Kiran Desai's 'The Inheritance of Loss' is the book of intense thoughts, written with insight, compassion and uncompromising audacity to reveal the vulnerable self of an individual under desperate conditions of human life. The author has dealt with many global problems of today's contemporary world and modern society and thereby managed to stir reader's mind to look into the consequences of problems like globalization, emigration, multiculturalism, economic disparity and insurgency that have influenced the Indian mental attitude and deeply affected the very texture of Indian social system. This original work of her is a realistic novel in which she has vividly depicted the plight and dilemma of Indians living abroad who compromise their culture in the procurement of 'better life', 'high living standard' and 'modernity'.

'The Inheritance of Loss' opens with the story of teenage Indian orphan girl Sai who arrives her grandfather's isolated house 'Cho Oyu' at the foot of Mount Kanchenjunga in Kalimpong. Sai's grandfather Jemubhai Patel is an anglophile, retired judge living with his beloved dog mutt and his cook who manages the household. He is embittered by the experiences of his past life in Cambridge. Describing his isolation, the author writes, ‘He worked twelve hours at a stretch, late into the night, and in thus with drawing, he failed to make a courageous gesture outward at a critical moment and found, instead, that his pusillanimity and his loneliness had found, fertile soil. He retreated into a solitude that grew in weight day by day. The solitude became a habit, the habit became the man, and it crushed him into a shadow.’ She further explains his alienation as 'For entire days nobody spoke to him at all, his throat jammed with words unuttered, his throat and mind turned into blunt aching things…’ Sai, on the other hand, is in love with her mathematics tutor Gyan, a Nepali half-educated man who eventually draws back from her in the wake of ethical insurgency in the hills of Kalimpong. The judge’s cook has a son Biju, who is an emigrant in New York and skips one ill - paid job to another, spends his time moving from one gritty restaurant to another in the search of a green card. In the end, Biju arrived back in India but soon engulfed by local insurgency. All the characters in this novel share a common historical legacy and are victims of long subjection by western economic and cultural power.

The style of the novel is incredible. Kiran Desai's descriptive narration has made the novel enchanting, hilarious and pleasurable to read. Her comical way of description is impeccable and vivid depictions to display complex states of mind are meticulous. She has beautifully portrayed the pictures Kalimpong, its people, onset of monsoon in the Himalyas and Kanchenjunga.
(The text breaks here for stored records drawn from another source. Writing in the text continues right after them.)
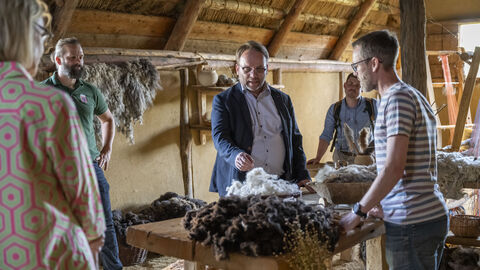 Impressionen vom Sommerreise-Besuch im Kloster Lorsch und Freilichtlabor Lauresham. Minister Gremmels lässt sich mittelalterliche Handwerkskunst zeigen.
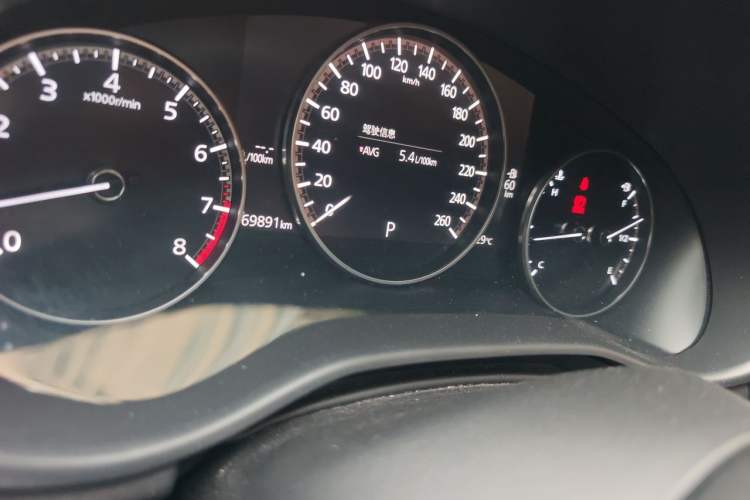 Used Mazda 3 Axela 2021 2.0L Automatic Zhiqing Edition Odometer Close Up
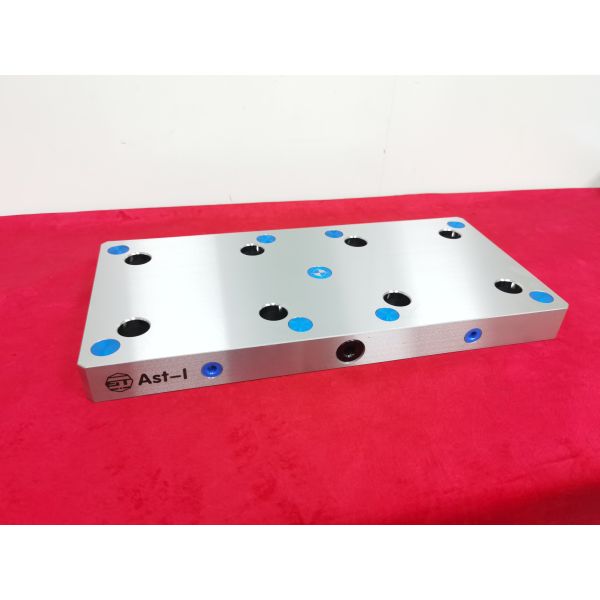 Manual Locking Axis Fixtures with 18KN Locking Force and 0.005mm Repeat Accuracy for CNC Machining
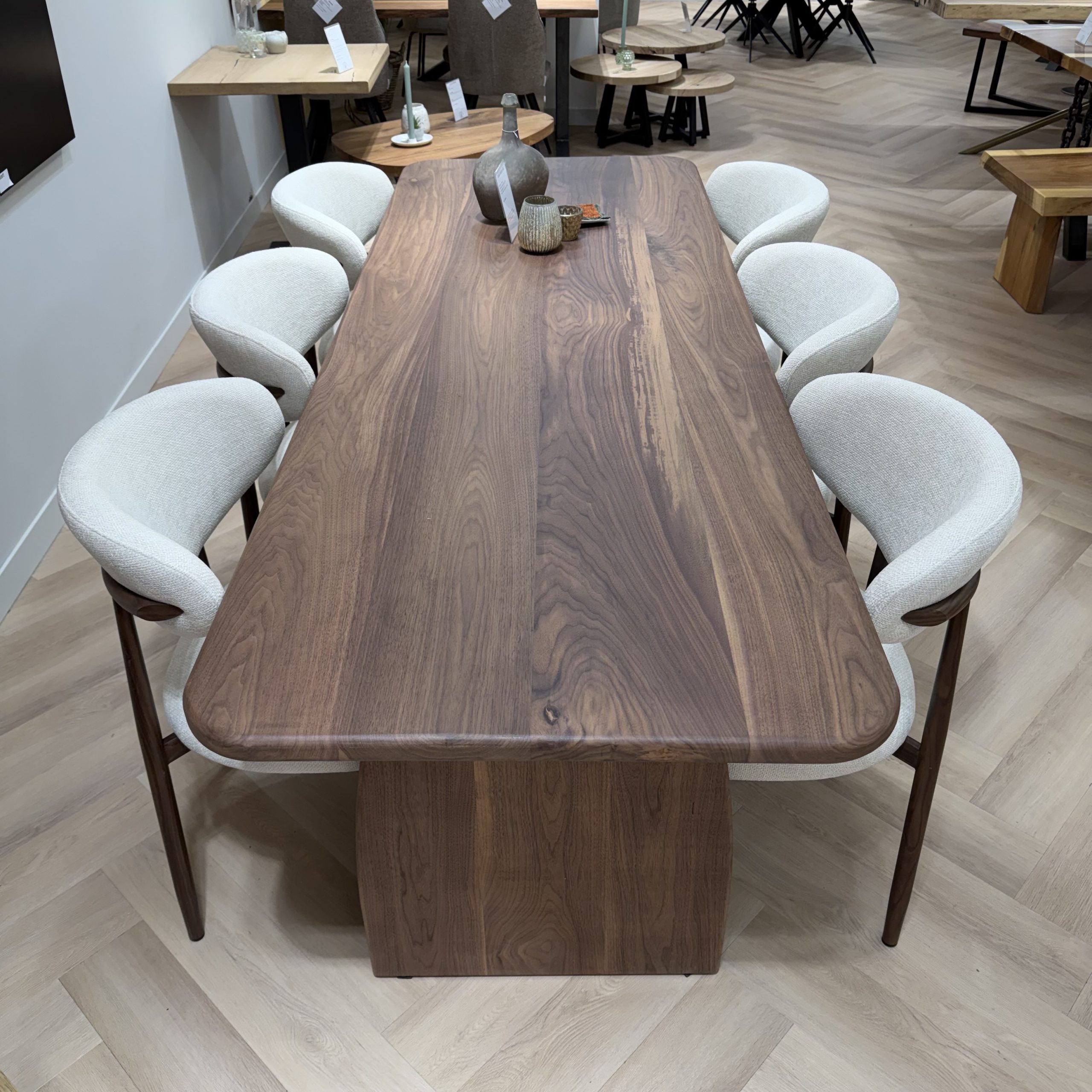 notenhouten-tafel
She describes, 'All day, the colors had been those of dusk, mist moving like a water creature across the great flanks of mountains possessed of clean shadows and depths. Briefly visible above the vapour, Kanchenjunga was a far peak whittled out of ice, gathering the last of the light, a plume of snow blown high by the storms as its summit.'

In another description of Kalimpong and its people, she writes, '…There was not a streetlight anywhere in Kalimpong, only as you passed they came up suddenly and disapproved immediately behind. The people who walked by us the black had neither torches nor lanterns...’she has adeptly drawn pictures of immigrant quarters, basement kitchens, gritty restaurants in New York and Visa counter at the US Embassy. Desai is equally superb in depicting abstract emotions and sentiments of her characters, as 'Jamubhai looked at the father, a barely educated man venturing where he should not be, and the love in Jemubhai's heart mingled with pity, the pity with shame. His father felt his own hand rise and cover his mouth: he had failed his son.'

Kiran Desai is truly a terrific writer as remarked by the noted writer Salman Rushdie and this irrefutable truth is clearly expressed in ‘The Inheritance of Loss', winner of the Man Booker Prize 2006.